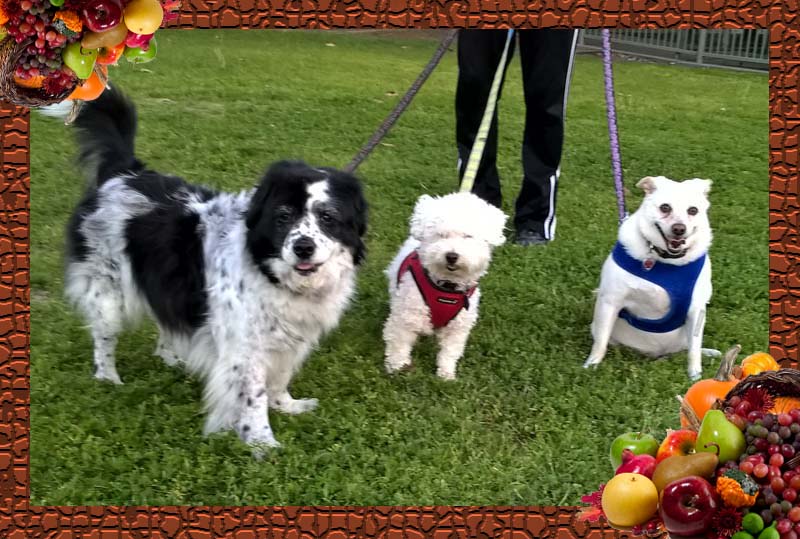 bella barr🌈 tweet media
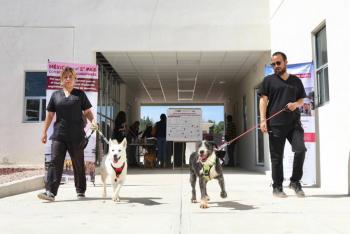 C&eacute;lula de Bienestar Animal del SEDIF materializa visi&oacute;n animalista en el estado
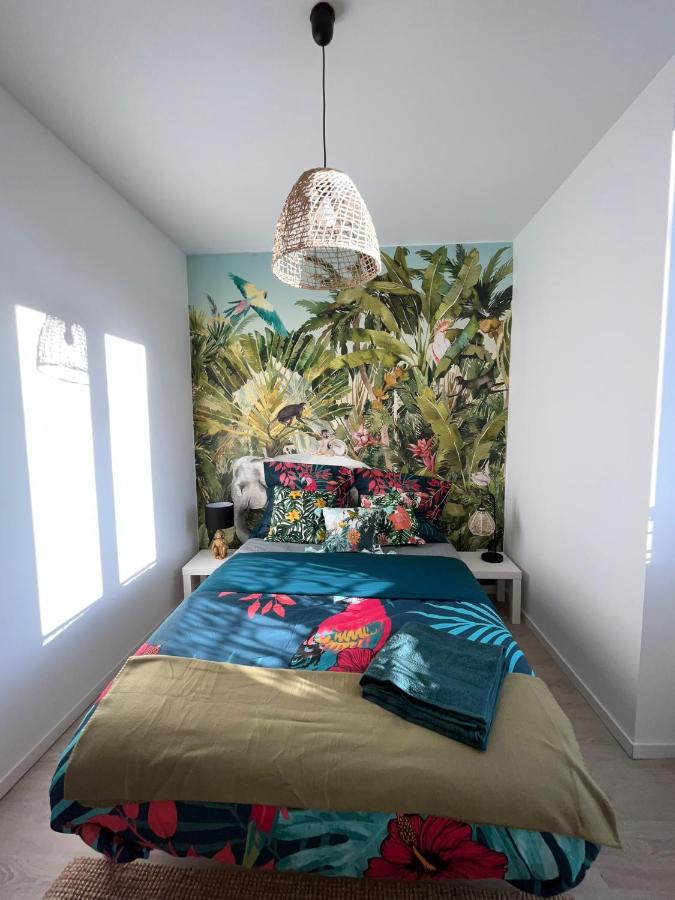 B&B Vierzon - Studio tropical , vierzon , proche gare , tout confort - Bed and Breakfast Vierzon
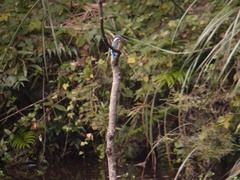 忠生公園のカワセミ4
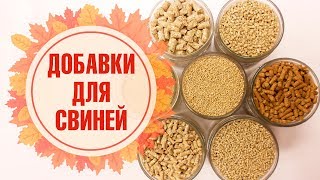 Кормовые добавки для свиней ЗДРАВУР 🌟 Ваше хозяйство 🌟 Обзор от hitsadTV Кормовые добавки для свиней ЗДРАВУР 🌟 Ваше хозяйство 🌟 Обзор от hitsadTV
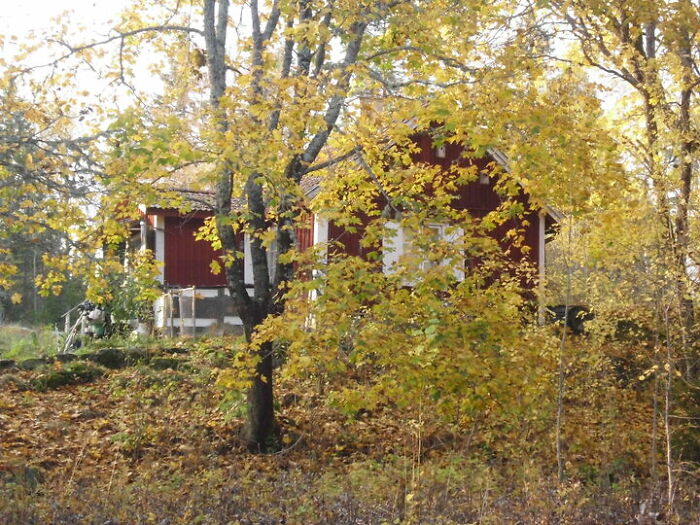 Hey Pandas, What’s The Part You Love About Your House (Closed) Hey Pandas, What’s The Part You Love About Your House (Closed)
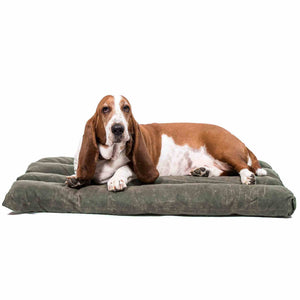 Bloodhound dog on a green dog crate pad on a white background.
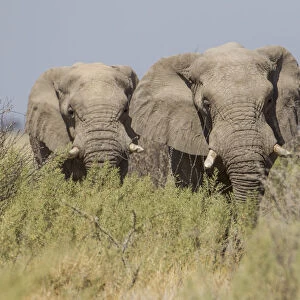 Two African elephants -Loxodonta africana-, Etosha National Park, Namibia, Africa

Work required
The answer is the whole listing above, written out verbatim, without its pictures.

Completed exercise
 bella barr🌈 tweet media
 C&eacute;lula de Bienestar Animal del SEDIF materializa visi&oacute;n animalista en el estado
 B&B Vierzon - Studio tropical , vierzon , proche gare , tout confort - Bed and Breakfast Vierzon
 忠生公園のカワセミ4
 Кормовые добавки для свиней ЗДРАВУР 🌟 Ваше хозяйство 🌟 Обзор от hitsadTV Кормовые добавки для свиней ЗДРАВУР 🌟 Ваше хозяйство 🌟 Обзор от hitsadTV
 Hey Pandas, What’s The Part You Love About Your House (Closed) Hey Pandas, What’s The Part You Love About Your House (Closed)
 Bloodhound dog on a green dog crate pad on a white background.
 Two African elephants -Loxodonta africana-, Etosha National Park, Namibia, Africa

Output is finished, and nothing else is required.